Keeler with Bricklayers Union Local 2 representative Mike Lynch at the northeast pylon of the bridge in preparation for creating an estimate (Photo by Jan Worth-Nelson)

Winter street salt likely led to deterioration of the stones on the bridge, Everman said (Photo by Jan Worth-Nelson).

The limestone bridge, built in the 1920s,  is showing signs of deterioration, and Everman, who is coordinating the project, explained he is working to acquire necessary funding, determining what needs to be done to repair it and who will carry out the plans. He showed several photographs of the bridge site through the years.

The potential project has brought together three neighborhood associations: Ed Custer from the Central Park neighborhood, Andy Allard from the Fairfield neighborhood, and Keeler from the CCN. Also working with Everman are Mike Zelenski from Mott Community College, and Mike Lynch of Millington, business agent for the Bricklayers and Allied Craftworkers Union Local 2. Also involved are structural engineer, Mike Weise, architect and CCN resident Kurt Neiswender, and representatives of the Michigan Department of Environmental Quality (MDEQ).

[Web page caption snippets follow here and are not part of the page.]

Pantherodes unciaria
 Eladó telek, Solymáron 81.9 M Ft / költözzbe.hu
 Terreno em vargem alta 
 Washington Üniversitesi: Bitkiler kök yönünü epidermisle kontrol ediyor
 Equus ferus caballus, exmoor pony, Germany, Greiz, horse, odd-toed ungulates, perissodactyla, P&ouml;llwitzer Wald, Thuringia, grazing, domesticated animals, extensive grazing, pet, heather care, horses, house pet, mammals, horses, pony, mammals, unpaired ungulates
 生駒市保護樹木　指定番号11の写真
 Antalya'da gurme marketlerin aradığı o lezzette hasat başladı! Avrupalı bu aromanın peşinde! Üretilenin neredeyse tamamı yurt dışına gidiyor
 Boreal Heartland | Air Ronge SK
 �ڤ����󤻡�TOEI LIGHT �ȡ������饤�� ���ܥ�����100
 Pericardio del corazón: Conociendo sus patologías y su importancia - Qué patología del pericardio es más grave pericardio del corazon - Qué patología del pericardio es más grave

One photo, from the 1920s, was taken before the bridge existed, showing just a field. Another one showed the Burroughs home that sat on the property. Everman said the bridge actually was decorated with leftover stones from that home. Then Everman showed a recent one with Flint City Council members Eric Mays and Allan Griggs standing in front of it.

“We’ve had a structural engineer come out and look at this–he’s given us a thumbs up,”  Everman said.  “We’ve gone over the bridge, we’ve examined it. It’s a solid bridge, well worth saving.”

Pierce Park setback

Finally Keeler shared what he called disappointing news about improvements to the vacant Pierce Park Clubhouse and former nine-hole golf course. At the November CCNA meeting, Keeler had reported the CCNA was quite enthusiastic about Todd and Tara Korpi’s pending proposals for the space. But that has been put on hold. Keeler said Korpi ran into problems. “The city changed the rules again and the last thing he [Korpi] heard was that it was going to take another year,” Keeler said, putting the CCNA’s hopes for the property back to Square One.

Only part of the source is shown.